時短勤務の所得が反映されるのは翌年6月以降で、そこから月々の負担が軽くなります。なお、育児休業給付金などの非課税の給付は計算に含まれないため、育休期間が長かった年の翌年度は住民税が少なくなるケースもあります。
社会保険料の変更には時間がかかる
社会保険料のもとになる標準報酬月額はすぐには変わらず、育児休業等終了時改定を使っても保険料が下がるのは復帰4か月目からです。それまでの数か月は時短前の給与水準の保険料が引かれ、手取りが数千円から1万円以上減ることがあります。
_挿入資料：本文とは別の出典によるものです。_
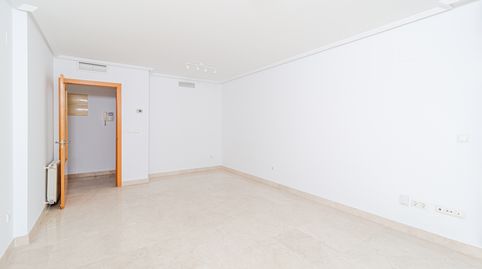 Foto 2 de Piso en venta en Paus - Poligono San Blas, Alicante / Alacant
改定の手続きをしない場合、固定的賃金の変動と原則2等級以上の差が要件の随時改定か、毎年4〜6月の報酬で決まる9月からの定時決定まで高い保険料が続く場合もあります。
復帰直後はこの目減りを見込んでおきましょう。
賞与や欠勤による減収も見込む
月給だけでなく、賞与や突発的な休みによる減収も含め、月単位ではなく年収ベースで手取りを見積もりましょう。賞与は基本給や労働時間に連動する会社が多く、時短割合と同じ25%前後減ることもあり、算定方法は勤務先の規程で確認が必要です。
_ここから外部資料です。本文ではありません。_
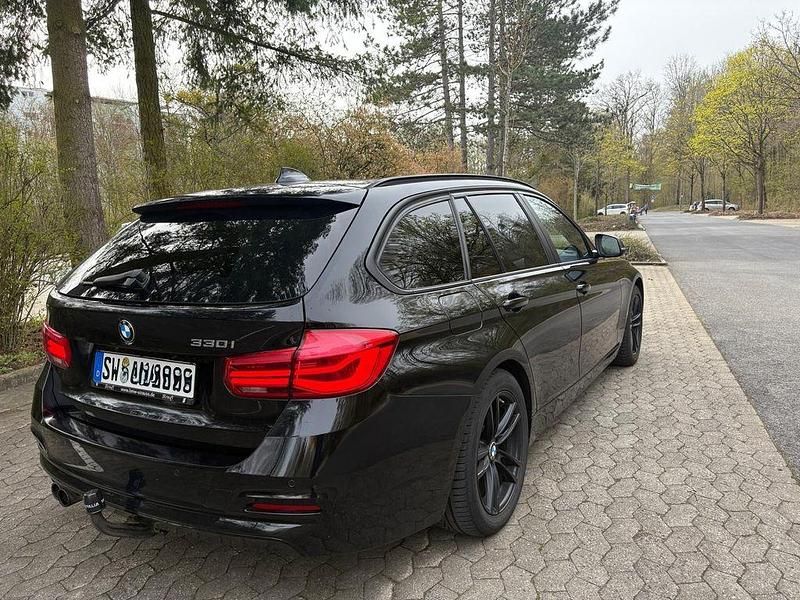 Gebraucht BMW 330 Advantage 252 PS (185 kW) 2015 Schwarz Kombi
また、子どもの発熱などで有給休暇を使い切ると、欠勤控除で日割りの減額が生じます。2025年4月から子の看護等休暇は小学校3年生修了まで取得できますが、有給にするかは法律上の義務がなく会社の規程によります。
7.時短勤務に関するよくある質問
この章では、時短勤務の収入に関して質問の多い、配偶者の扶養に入れるかどうかの判断基準を税金と社会保険に分けて説明します。
時短勤務でも扶養に入れる?
税金と社会保険で答えが分かれます。
自分が勤務先の健康保険・厚生年金に加入中は配偶者の社会保険の扶養に入れず、資格を失った場合は、2026年4月以降、労働契約から見込まれる年収が原則130万円未満などの要件で認定されます。
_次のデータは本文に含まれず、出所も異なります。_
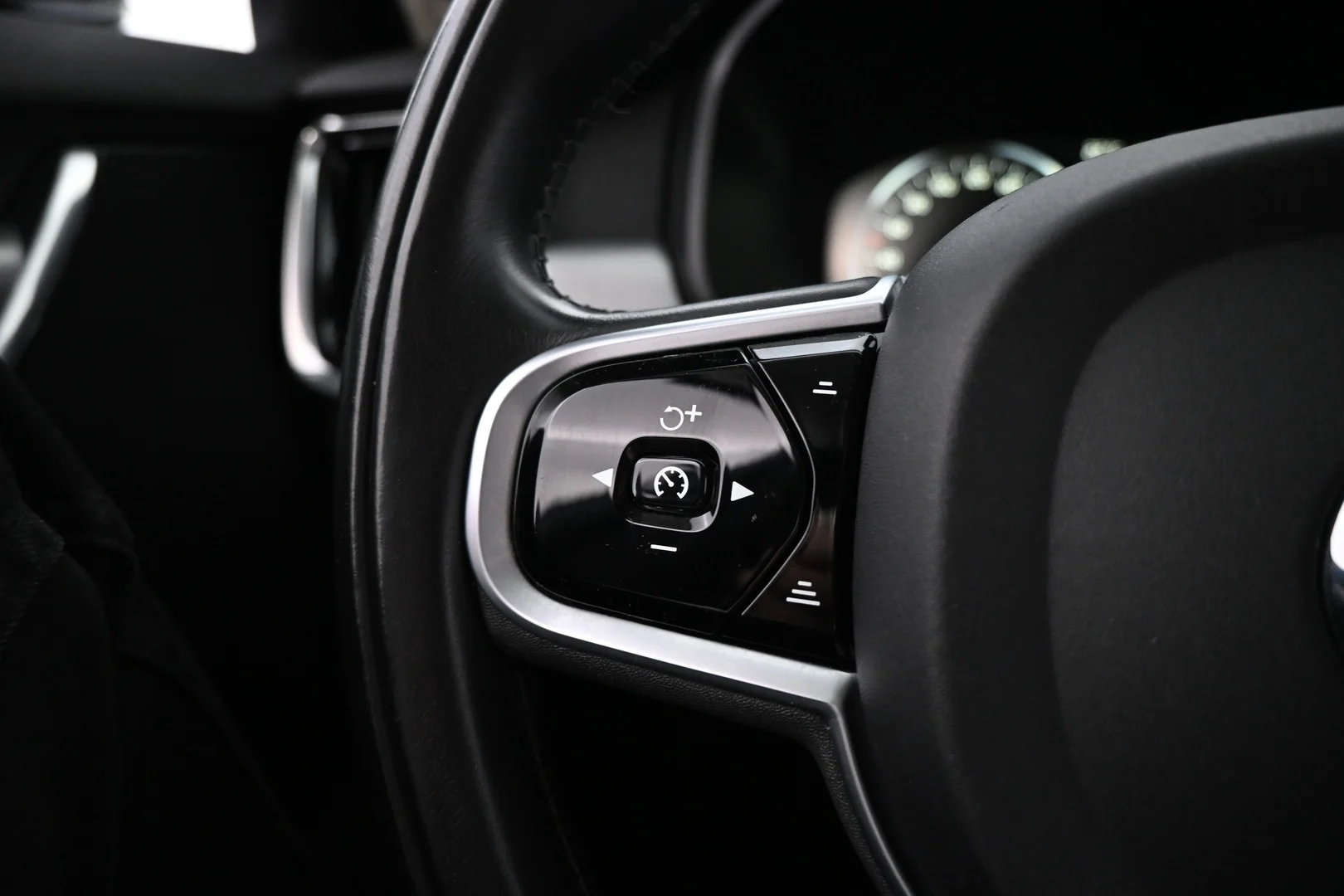 Car Image - 5pYcZLHqQvjZT1u6wNxLDa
一方、2026年分所得税は12月施行の改正後、給与収入132万円以下が配偶者控除、207万円以下が配偶者特別控除の目安です。時短で年収が下がった年は、配偶者の年末調整で適用を確認すると世帯の手取りを増やせます。
8.まとめ
時短勤務では労働時間に応じて額面が減り、8時間から6時間への短縮なら月給は約25%減、手取りは額面の8割前後が目安です。
ただし、2歳未満の子を育てる方には賃金の10%が非課税で支給される育児時短就業給付金があり、社会保険料の特例を併用すれば、負担を抑えながら将来の年金額も維持できます。
復帰前にまずは就業規則と手当の扱いを確認し、給付金と特例の申請意思を勤務先へ伝えることから始めましょう。
支給限度額など変わりやすい数字は厚生労働省やハローワークの最新情報で確かめたうえで、無理のない家計の計画を立て、納得のいく働き方との両立を実現していきましょう。
本記事が皆様にとって少しでもお役に立てますと幸いです。